Quant aux élections dans les entreprises comptant entre onze et vingt salariés, nous avons voulu privilégier le pragmatisme. Aujourd'hui, seule une entreprise sur cinq de cette catégorie a un élu. Les autres étaient jusqu'à présent tenues d'organiser des élections même en l'absence de candidat – et le mandatement ne fonctionne pas, il n'a jamais fonctionné. Nous avons renversé cette logique très formelle et un peu incompréhensible, tant pour les salariés d'ailleurs que pour les entreprises de petite taille : c'est seulement si un candidat potentiel se déclare que l'employeur doit organiser des élections, le candidat étant bien sûr protégé contre le licenciement. Le droit est donc préservé.

Pourquoi y a-t-il si peu de délégués syndicaux dans les petites entreprises – 4 % seulement dans les entreprises de moins de cinquante salariés ? D'abord parce qu'il est très difficile pour les organisations syndicales d'aborder les salariés dans 1,3 million d'entreprises. Concrètement, il n'y a pas de contact direct. Nous allons faciliter les choses en prévoyant de rendre accessible dans toutes les entreprises l'adresse non seulement de l'inspection du travail – souvent son adresse électronique – mais aussi des organisations syndicales du département.

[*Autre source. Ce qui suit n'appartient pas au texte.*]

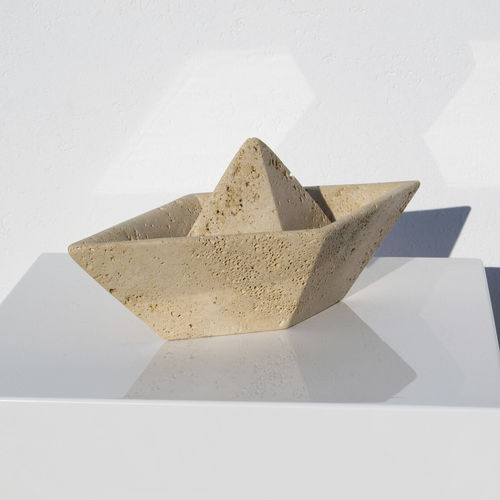 Marmorskulptur - DONDOLIO - San Polo Art Gallery | Contemporary Art & Design i - für Außenbereich / freistehend / für Kunstgalerien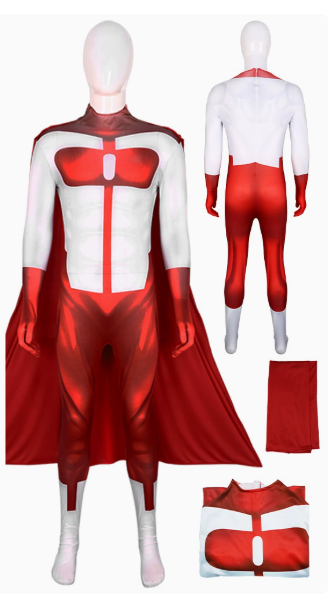 Rosso (uomo onnipotente)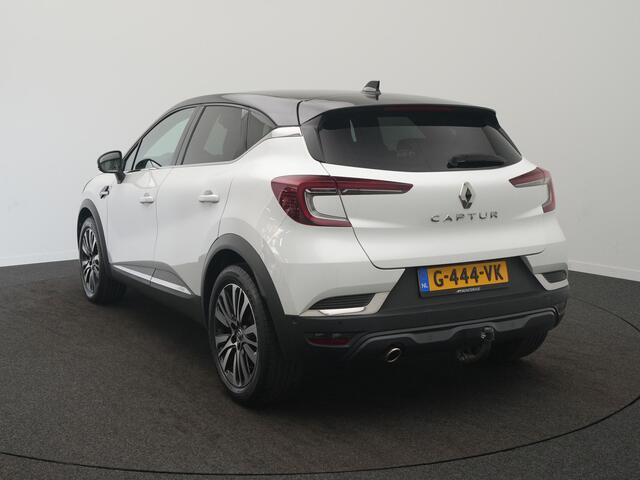 Renault CAPTUR 1.3 TCe 155 Initiale Paris - RIJKLAARPRIJS - Automaat - Rondomzichtcamera - Trekhaak - Dealeronderhouden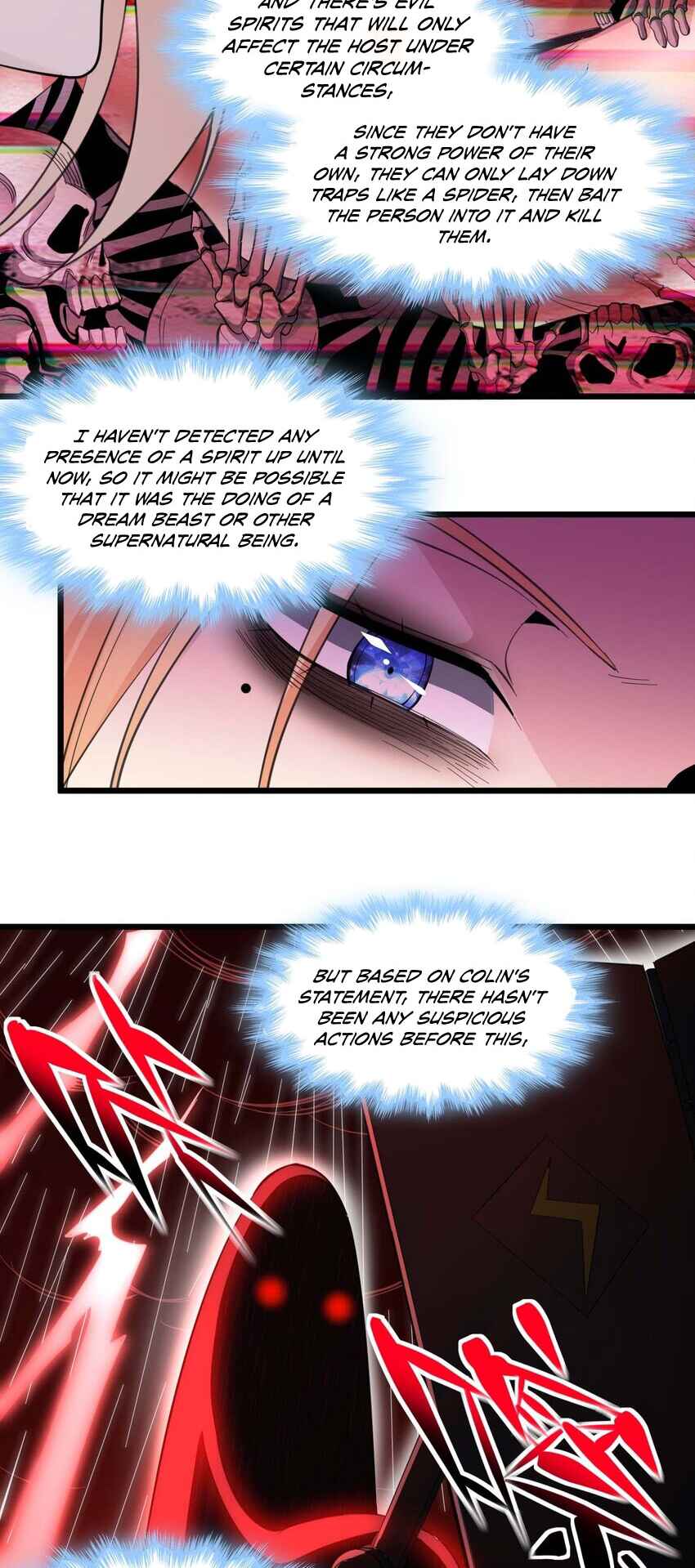 I'm Really Not the Demon God's Lackey Chapter 82 - Page 6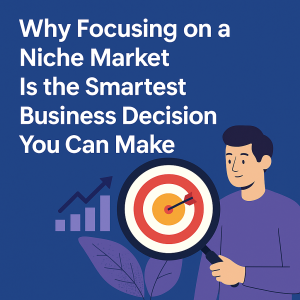 Why Focusing on a Niche Market Is the Smartest Business Decision You Can Make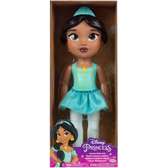 Imagem da oferta Boneca Bailarina Princesas Disney Jasmine 38cm Multikids - BR2152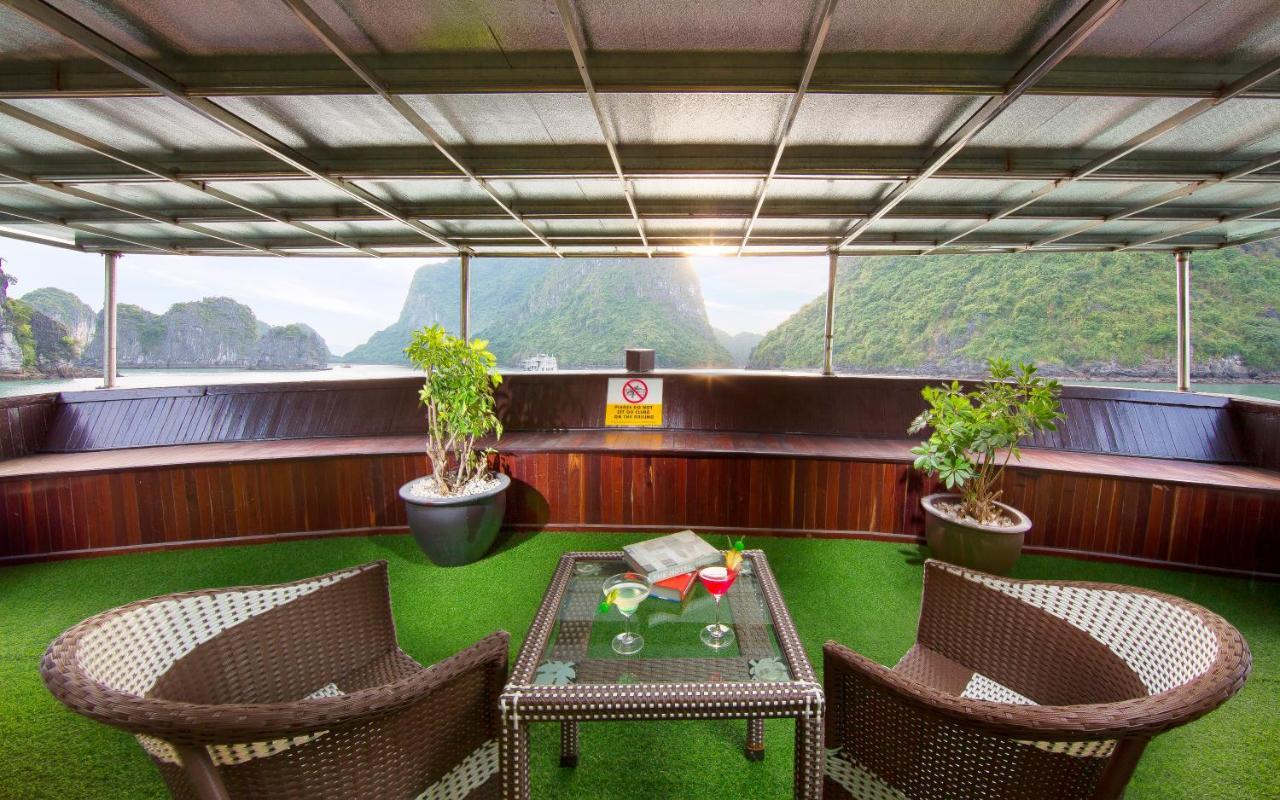 Signature Halong Cruise Ха Лонг Екстериор снимка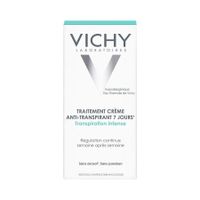 Vichy Deo Transp. Intense Creme 7d 30ml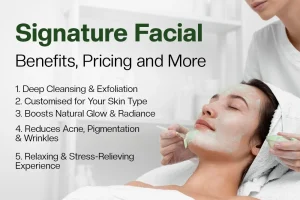 Signature Facial Benefits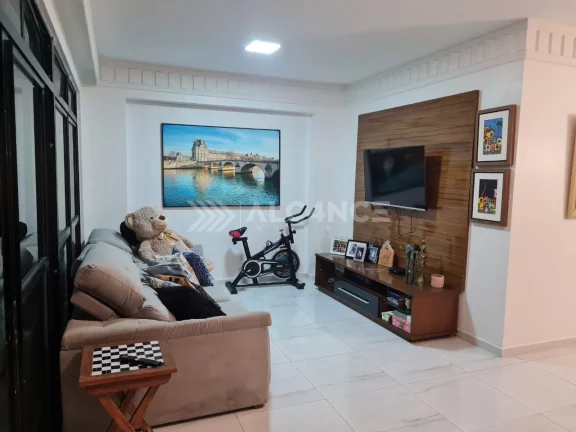 Imagem Apto Alto Padrão - 3 Suítes - DCE - 162 m² - Intermares, Cabedelo-PB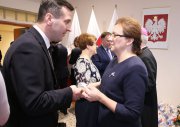 Spotkanie opłatkowe #9 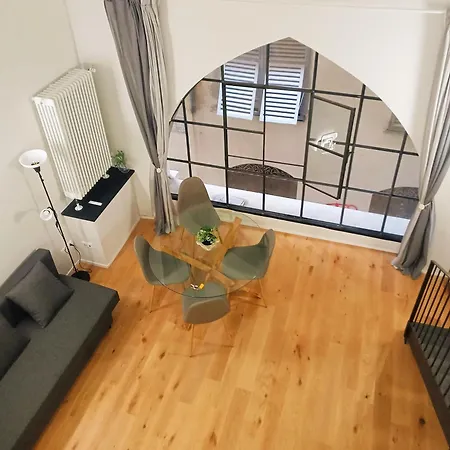 Loft Pellicceria Apartment Genoa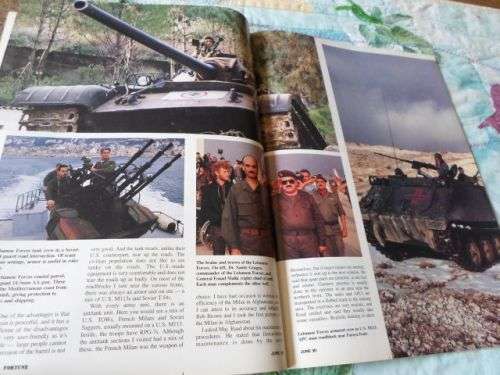 SOLDIER OF FORTUNE MAGAZINE JUNE 1990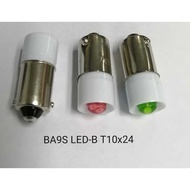 JOLLY BA9S LED-B T10X24 6.3V & 240V INDICATOR LAMP - READY STOCK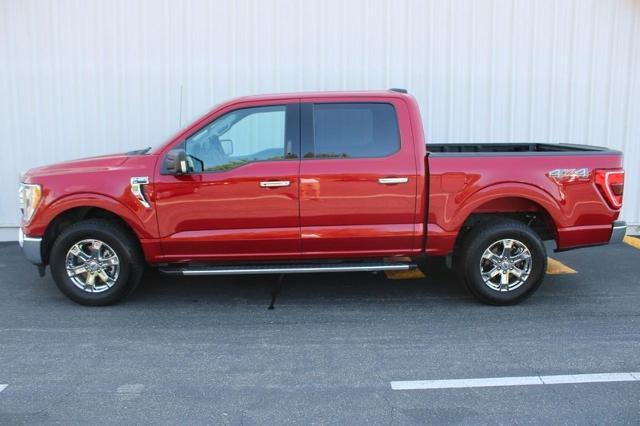 used 2022 Ford F-150 car, priced at $44,983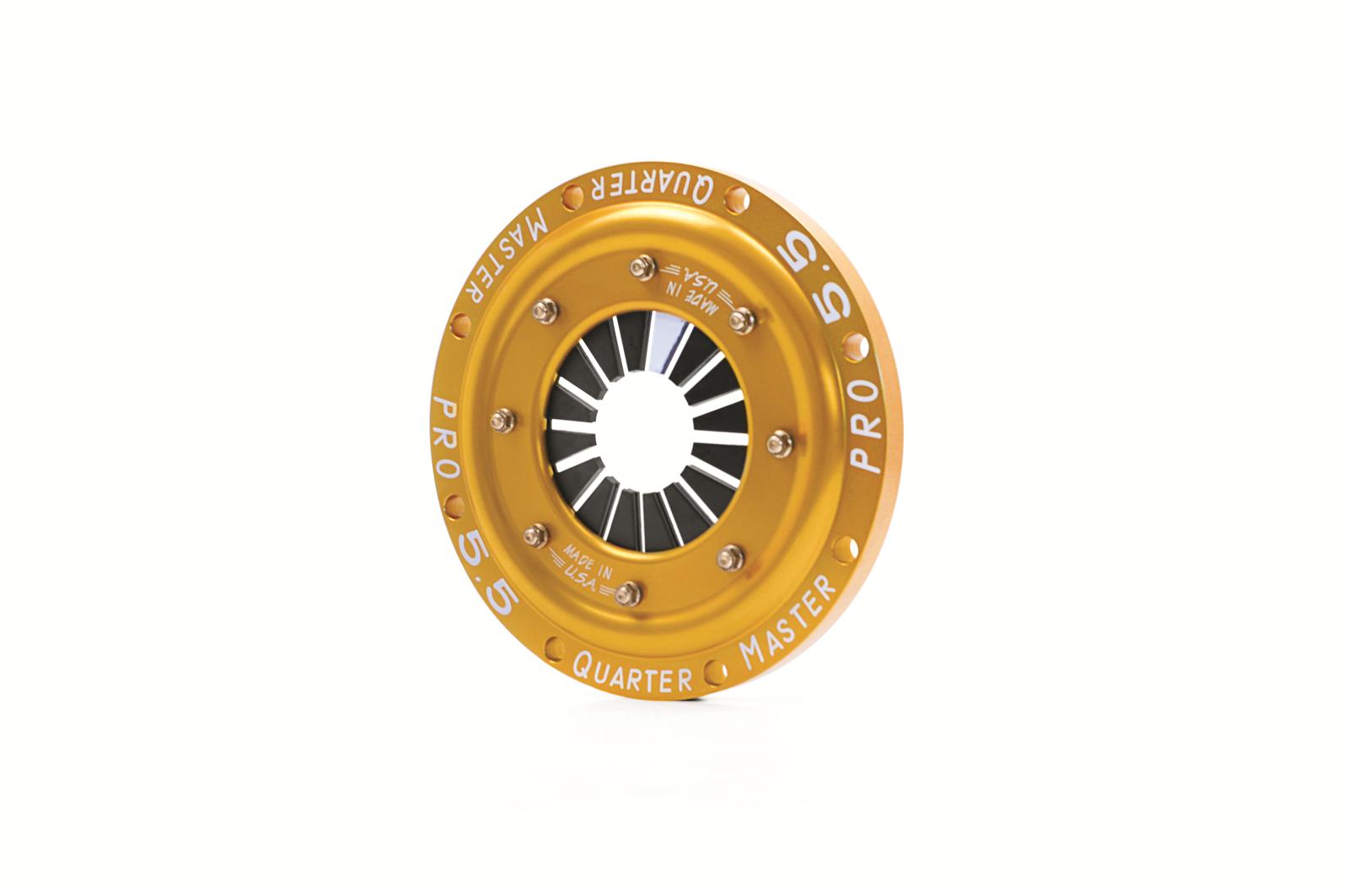 Quarter Master Clutch Kit Replacement Components 105504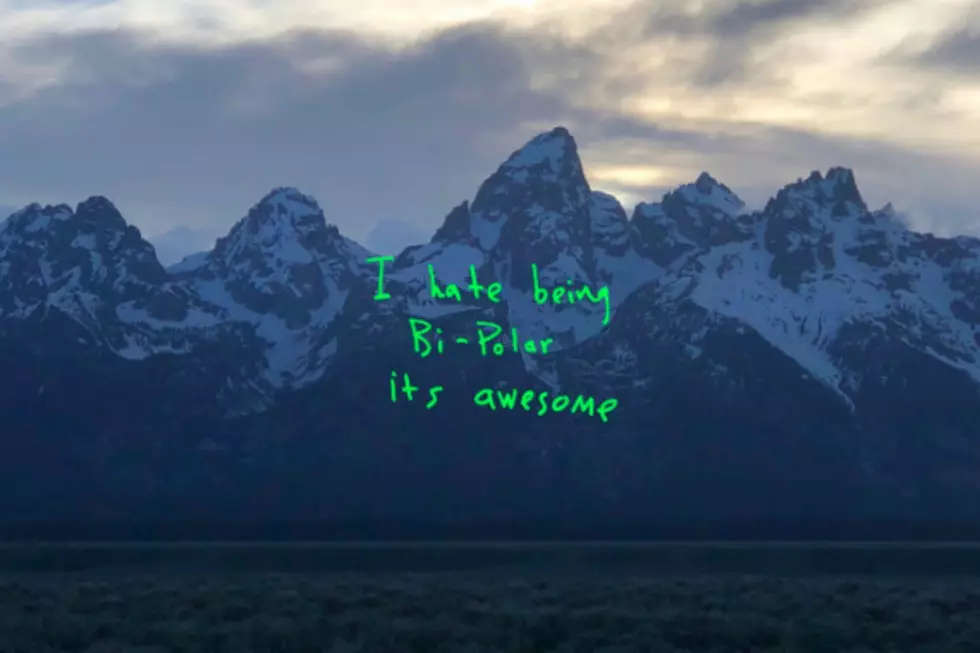 Kanye West's 'Ye' Has Arrived [STREAM]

Par ailleurs, la culture de la négociation porte en elle-même une vertu : on croit à la négociation. Nous avons permis aux entreprises de moins de cinquante salariés de pouvoir négocier, même si elles n'ont pas de délégué syndical. Sans cette mesure – c'était un comble – les salariés des petites entreprises auraient eu un moindre pouvoir de représentation et de négociation que dans les grandes. La progression de la taille des entreprises et de la culture de la négociation nous amèneront à constater, dans quelques années, une augmentation du recours aux organisations syndicales.

Mais, encore une fois, cela ne se décide pas par décret ou par la loi : cela se fait grâce au changement permis par la loi. C'est cette dynamique que nous avons voulu encourager.